On this issue she speaks not just for her union but for the working class as a whole.
Austerity has beggared Britain over the last 13 years, impoverishing the public realm, cutting real wages for millions, and it is at the root of the cost-of-living crisis engulfing the country.
It is the expression of the drive by the capitalist class to make workers pay for the crisis which has unfolded, with pauses but without ending, since the bankers’ crash in 2008.
An end to austerity should therefore be the first and unbreakable commitment of any Labour government, as it was under Jeremy Corbyn’s leadership.
Yet Graham’s fears are not without foundation. Keir Starmer and shadow chancellor Rachel Reeves are missing no opportunity to assure the City and the Treasury that a Labour government would mean no significant change in public spending levels.
Starmer has pledged that there will be no “big government cheque book” and added that “we won’t be able to spend our way out of their mess.”
So, according to the Labour leader, a crisis caused in significant part by cuts in public spending cannot be addressed by increasing public spending.
This is not the logic of Thatcher or Blair as much as it is the logic of Philip Snowden, chancellor in Ramsay MacDonald’s ill-starred government of 1931.
Snowden was prepared to impose any sacrifice on the working class to keep the bankers onside, and did so all the way to the government’s treacherous collapse.
Labour now offers regional devolution as a panacea instead of increased funding.
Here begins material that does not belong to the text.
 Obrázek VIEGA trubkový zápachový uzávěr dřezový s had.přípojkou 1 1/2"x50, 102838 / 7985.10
Such devolution has its own merits of course, but they are diminished sharply if unaccompanied by real resources. Devolving austerity has no attractions.
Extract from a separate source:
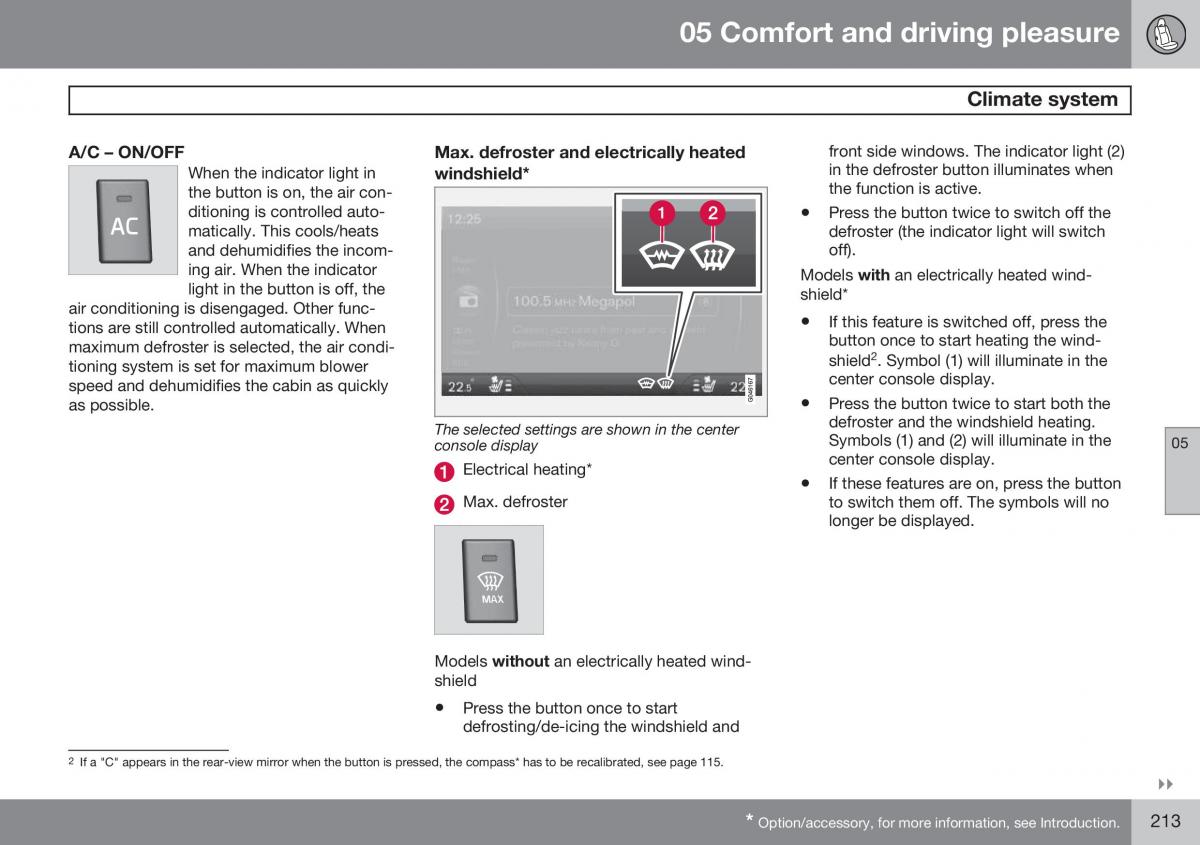 Volvo XC60 I 1 FL owners manual / page 215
The latest of Starmer’s much-massacred 2020 leadership election pledges to fall victim to this attitude appears to be the scrapping of university tuition fees. Starmer could only waffle when asked to confirm that abolition of the burdensome charges was still Labour policy.
This all establishes once again that Starmer’s strategy for securing office rests largely on appeasing the Establishment, and assuring the elite that he can be depended on not to rock the boat.
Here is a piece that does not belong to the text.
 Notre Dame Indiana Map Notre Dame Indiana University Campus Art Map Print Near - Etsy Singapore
He will eschew public ownership of failing utilities and prioritise balancing the books over alleviating the social misery which will be his inheritance.
As with the original austerity introduced by the Cameron-Clegg coalition, this is a political choice, not an economic necessity. The giveaway here is Reeves’s commitment not to introduce a wealth tax.
Were balancing the books really the priority, increasing the tax take from the wealthiest would make sense. However, not unbalancing the distribution of wealth and power is more the Starmer-Reeves manifesto.
Unions are correct to call out this Establishment appeasement. It is wrong for some leaders to pre-emptively apologise for the next Labour government not increasing public spending, just as it is wrong to make light of the ban on Labour frontbenchers supporting picket lines. Solidarity matters.
The labour movement should not be in the business of dampening working people’s expectations. Nor should it adapt its horizons to whatever the capitalist class believe to be affordable.
Working people deserve nothing less than a complete change of economic course, with ditching austerity as the essential start.
As for Starmer, he should remember 2015. Labour fought an election equivocating on austerity, and ended up with just 30 per cent of the vote.
That led in turn to Corbyn’s election as Labour leader — anger will find an out.